# ACTIVITY
Copy out the listing in full, exactly as written, but not its pictures.

══ THE RECORDS

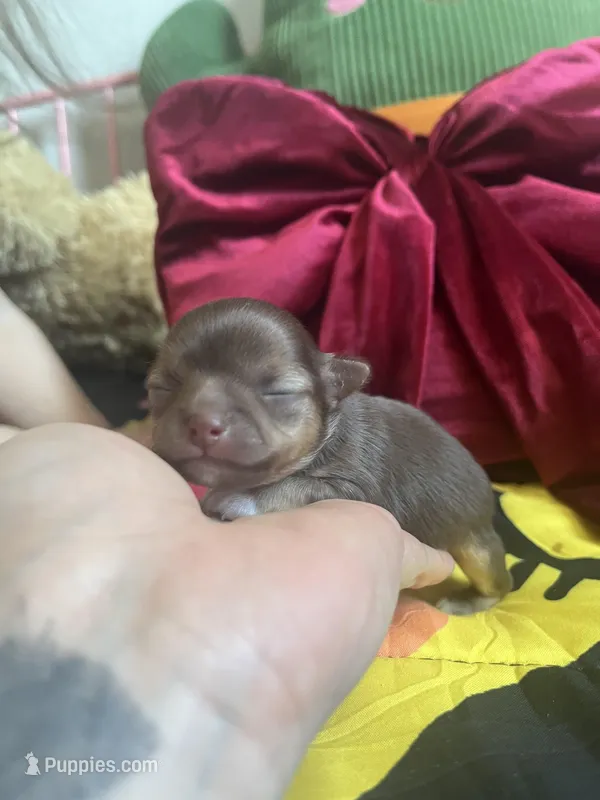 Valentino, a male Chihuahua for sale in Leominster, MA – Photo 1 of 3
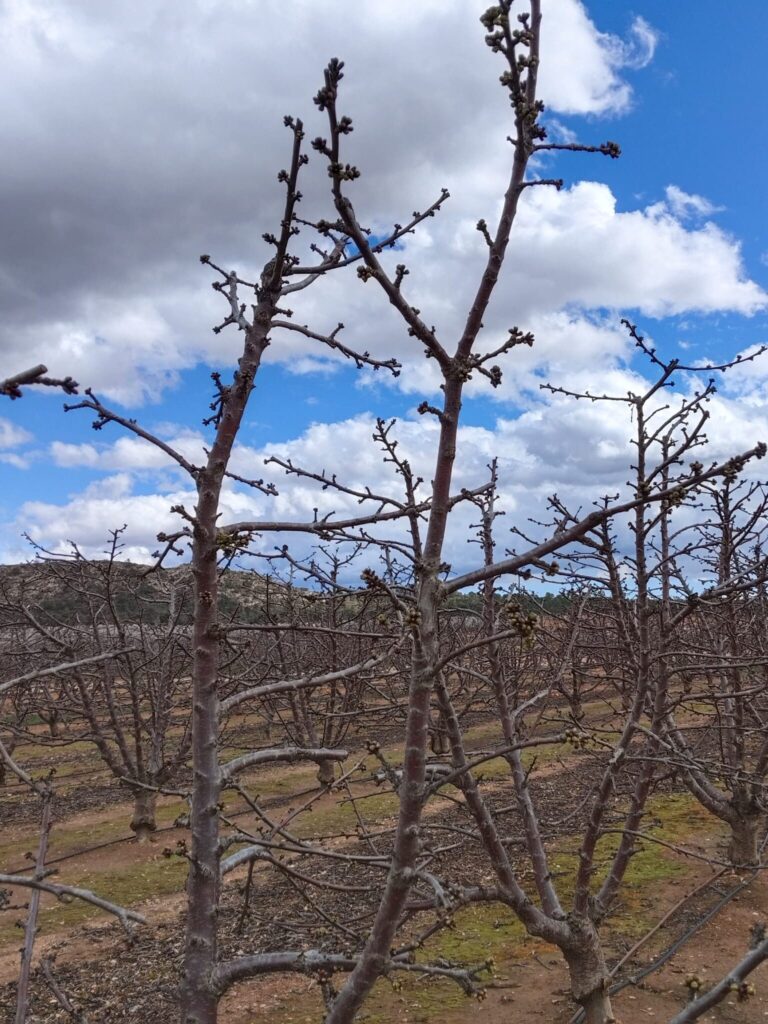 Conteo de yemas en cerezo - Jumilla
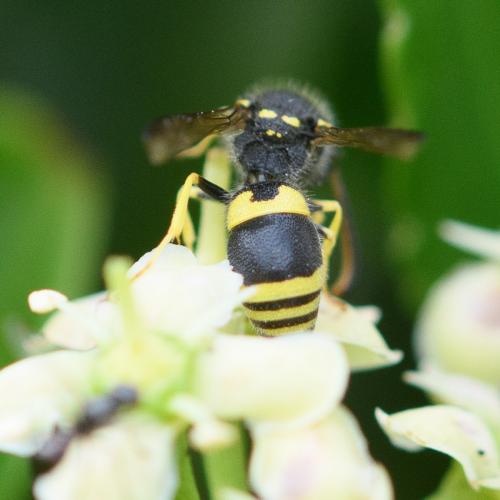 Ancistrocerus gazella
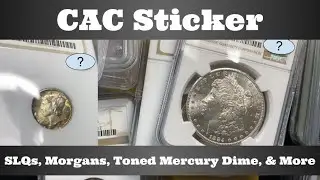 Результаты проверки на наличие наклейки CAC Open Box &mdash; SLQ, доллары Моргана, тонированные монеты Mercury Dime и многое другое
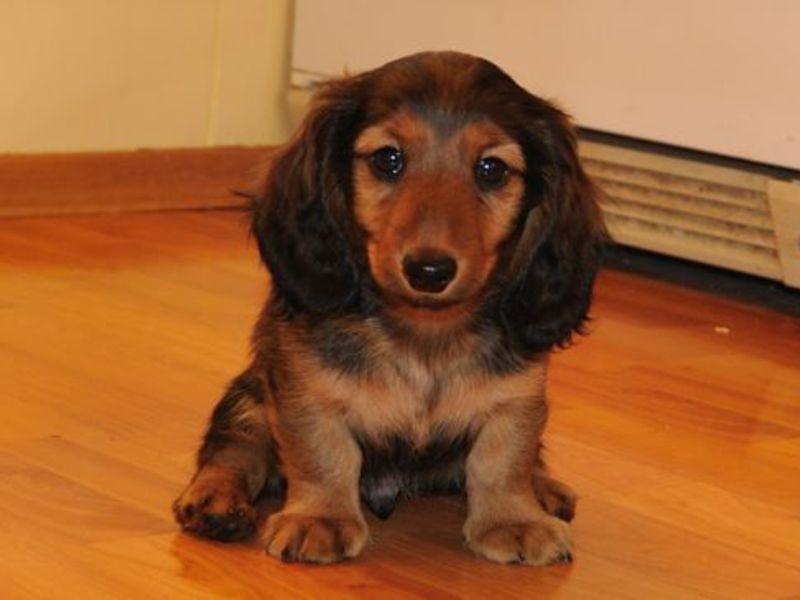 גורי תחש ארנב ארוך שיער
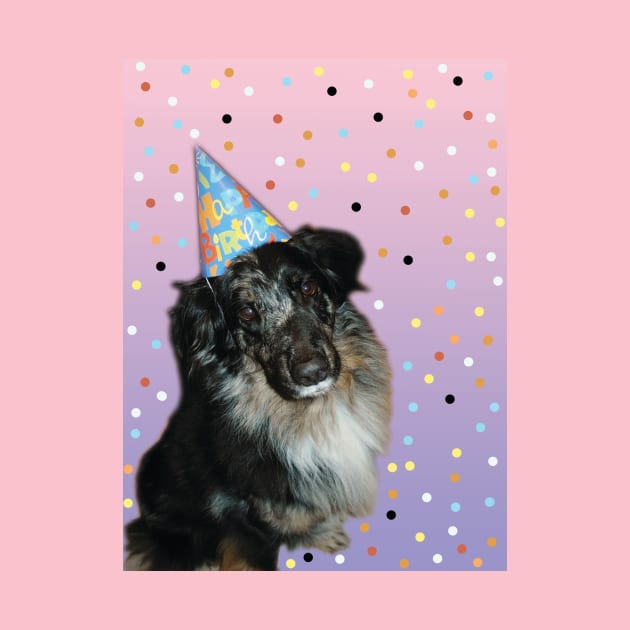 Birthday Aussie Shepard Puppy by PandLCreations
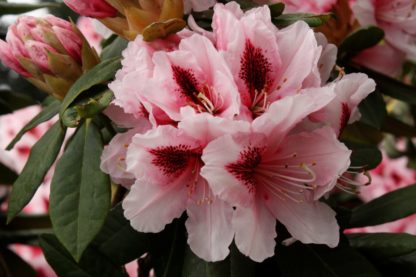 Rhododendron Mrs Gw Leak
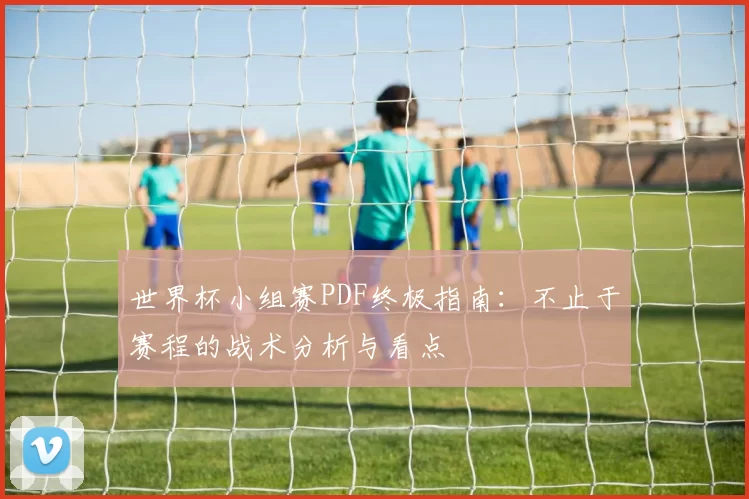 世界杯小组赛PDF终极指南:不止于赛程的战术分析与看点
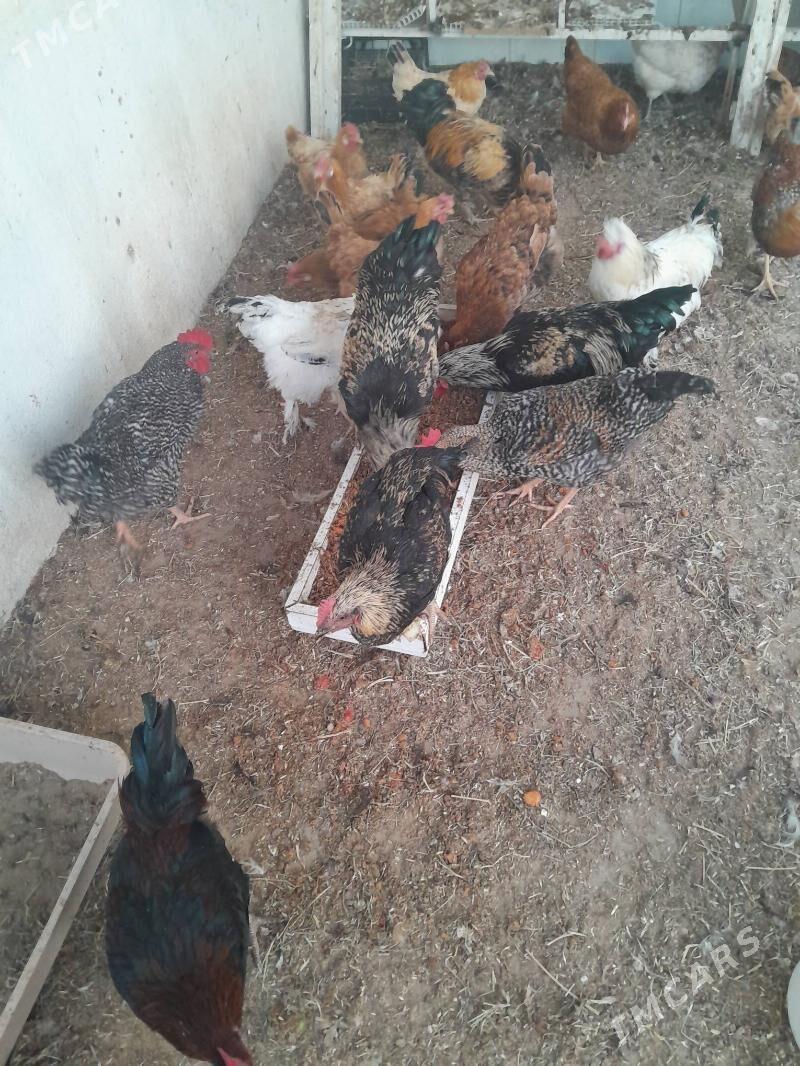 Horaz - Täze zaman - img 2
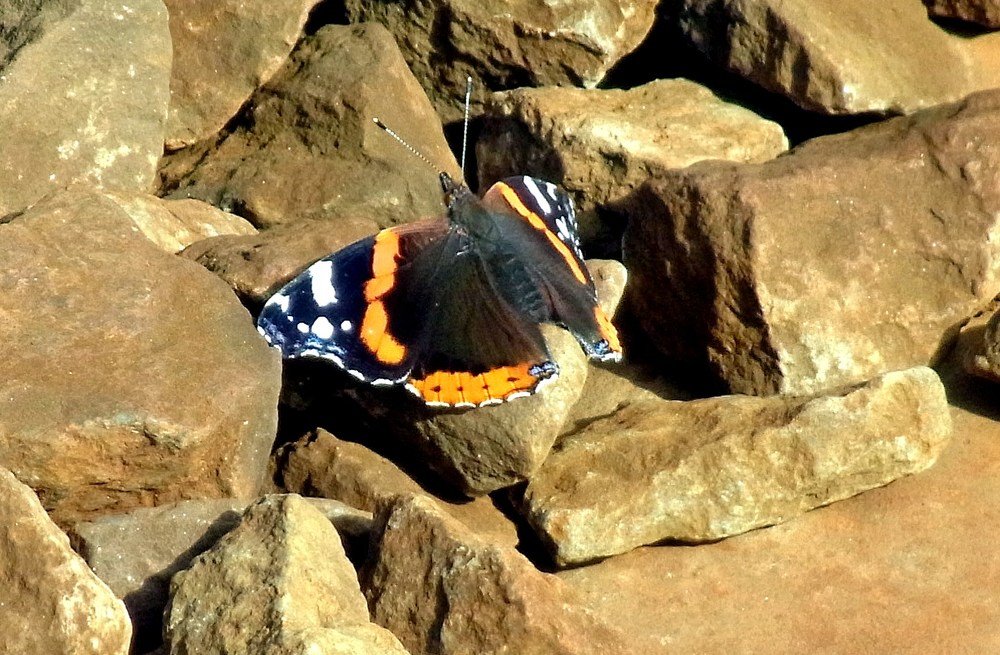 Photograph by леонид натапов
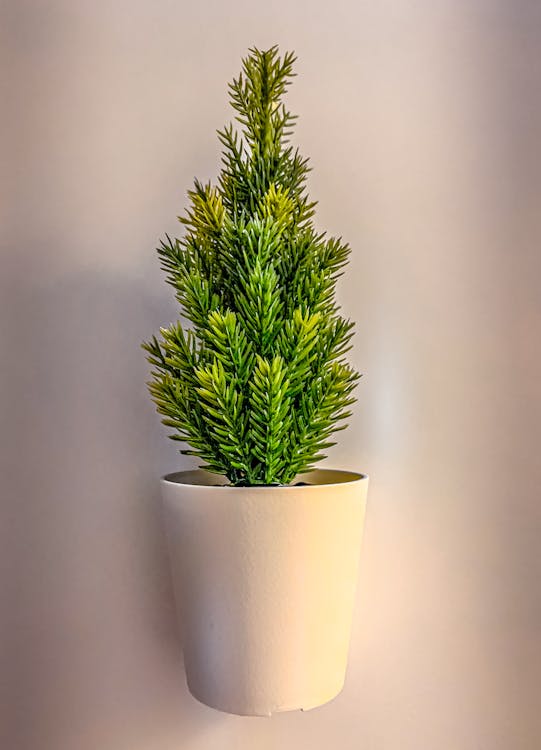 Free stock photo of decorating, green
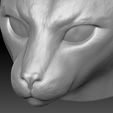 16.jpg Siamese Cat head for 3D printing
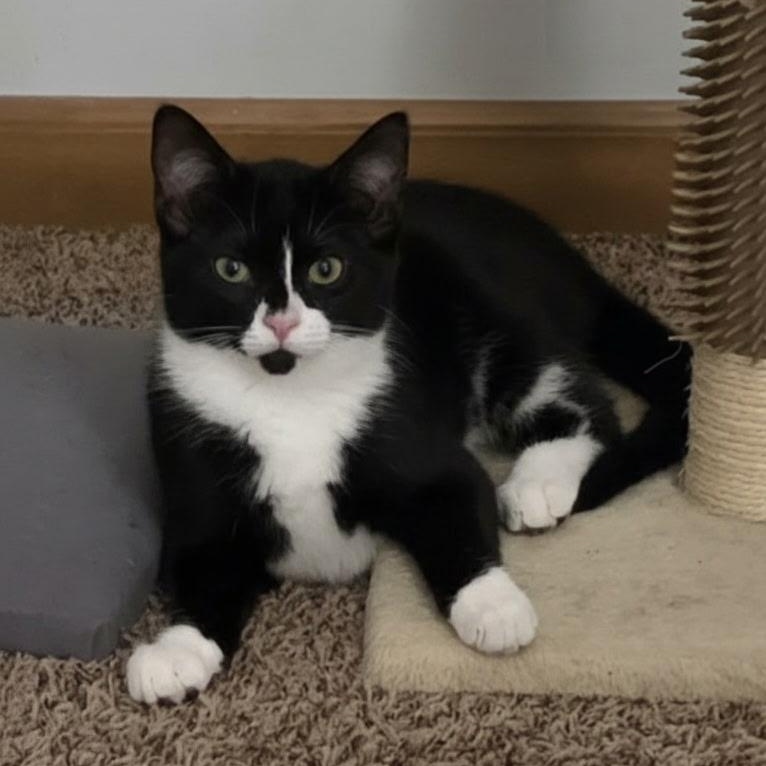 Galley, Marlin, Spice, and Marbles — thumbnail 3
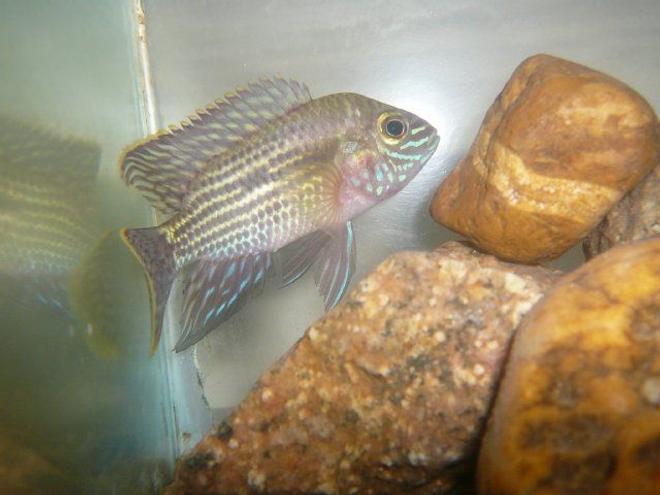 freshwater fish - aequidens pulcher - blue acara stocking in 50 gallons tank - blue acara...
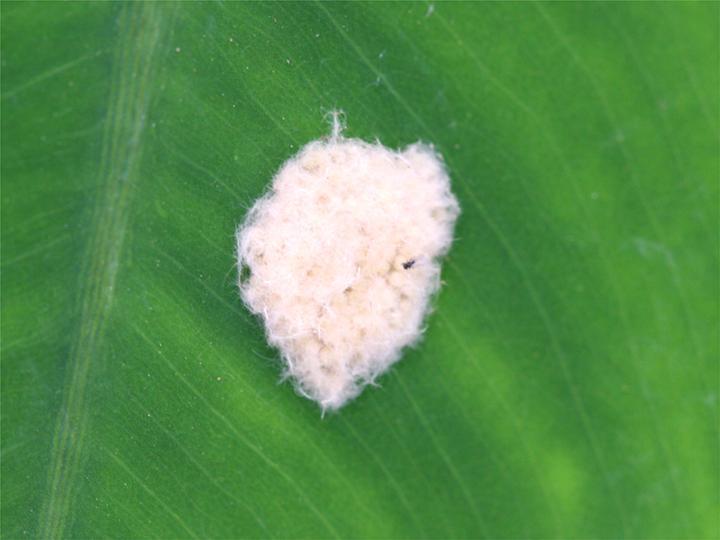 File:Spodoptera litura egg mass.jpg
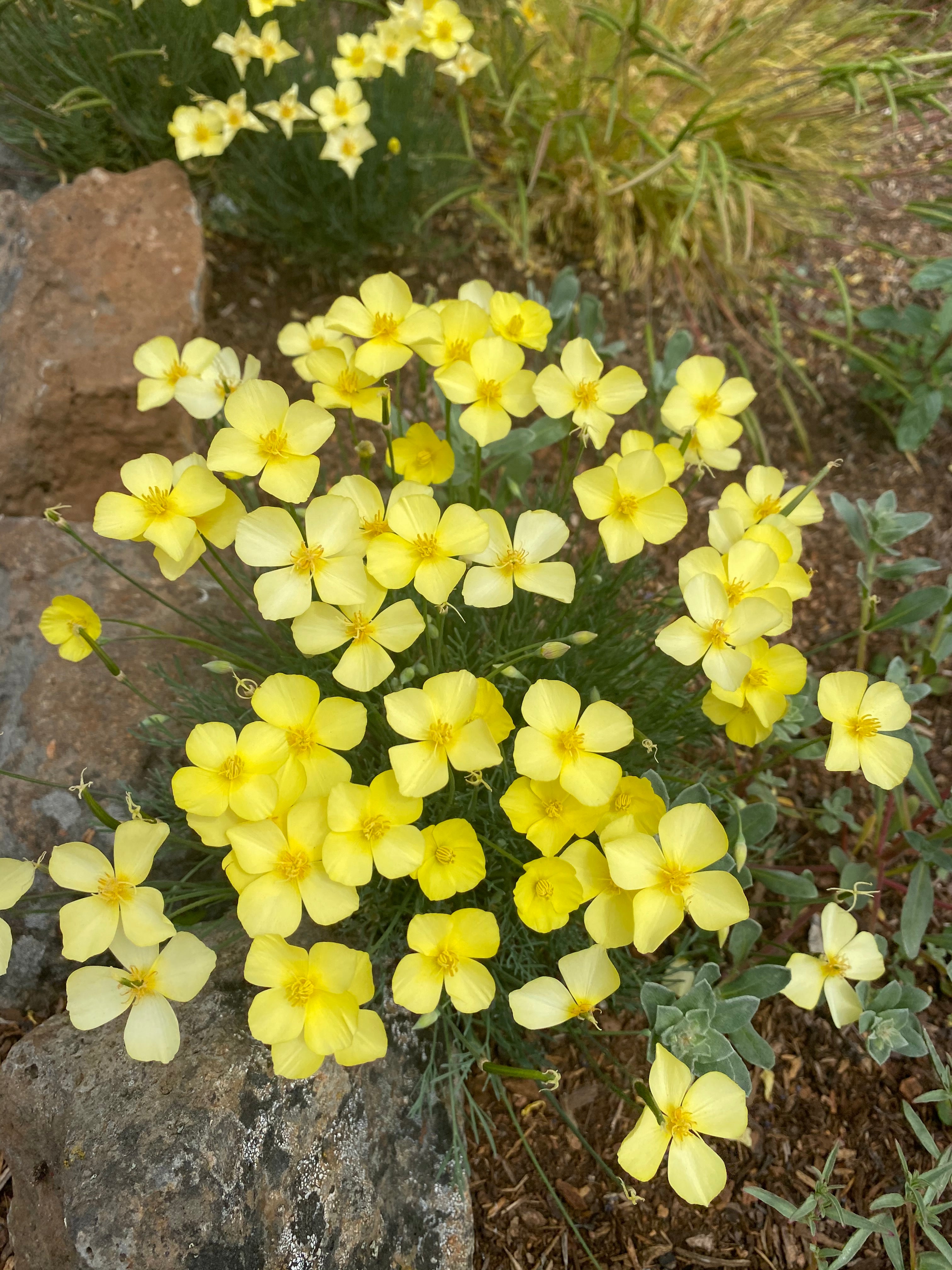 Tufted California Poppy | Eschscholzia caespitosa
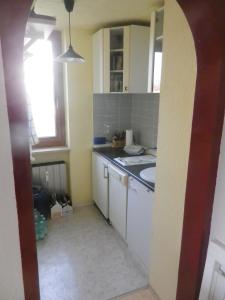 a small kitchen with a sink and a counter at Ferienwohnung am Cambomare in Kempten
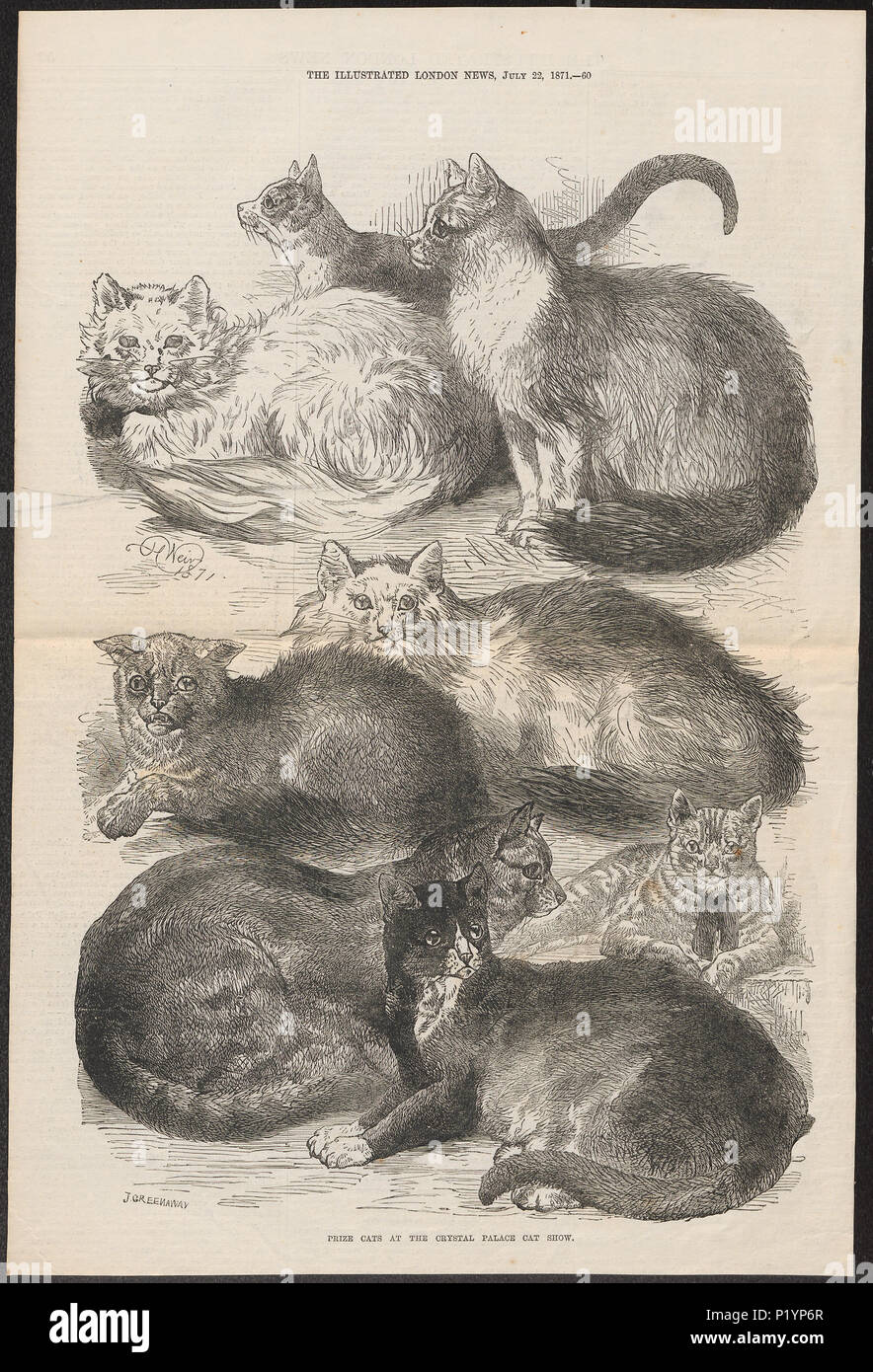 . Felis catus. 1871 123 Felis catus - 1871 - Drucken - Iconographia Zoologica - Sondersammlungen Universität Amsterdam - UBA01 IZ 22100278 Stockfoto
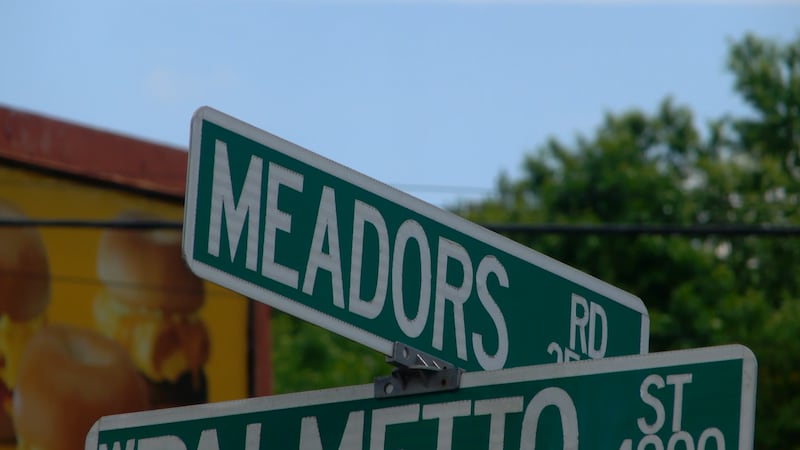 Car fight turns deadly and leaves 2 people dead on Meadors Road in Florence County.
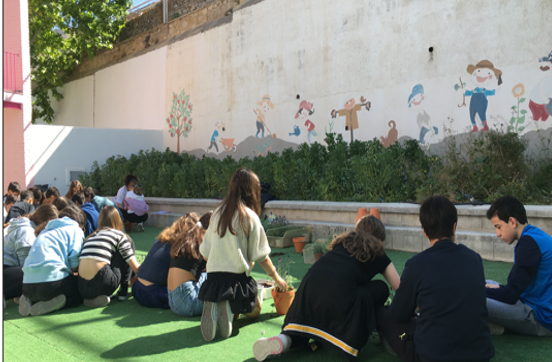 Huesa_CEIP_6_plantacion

════

# FINAL ANSWER
 Valentino, a male Chihuahua for sale in Leominster, MA – Photo 1 of 3
 Conteo de yemas en cerezo - Jumilla
 Ancistrocerus gazella
 Результаты проверки на наличие наклейки CAC Open Box &mdash; SLQ, доллары Моргана, тонированные монеты Mercury Dime и многое другое
 גורי תחש ארנב ארוך שיער
 Birthday Aussie Shepard Puppy by PandLCreations
 Rhododendron Mrs Gw Leak
 世界杯小组赛PDF终极指南:不止于赛程的战术分析与看点
 Horaz - Täze zaman - img 2
 Photograph by леонид натапов
 Free stock photo of decorating, green
 16.jpg Siamese Cat head for 3D printing
 Galley, Marlin, Spice, and Marbles — thumbnail 3
 freshwater fish - aequidens pulcher - blue acara stocking in 50 gallons tank - blue acara...
 File:Spodoptera litura egg mass.jpg
 Tufted California Poppy | Eschscholzia caespitosa
 a small kitchen with a sink and a counter at Ferienwohnung am Cambomare in Kempten
 . Felis catus. 1871 123 Felis catus - 1871 - Drucken - Iconographia Zoologica - Sondersammlungen Universität Amsterdam - UBA01 IZ 22100278 Stockfoto
 Car fight turns deadly and leaves 2 people dead on Meadors Road in Florence County.
 Huesa_CEIP_6_plantacion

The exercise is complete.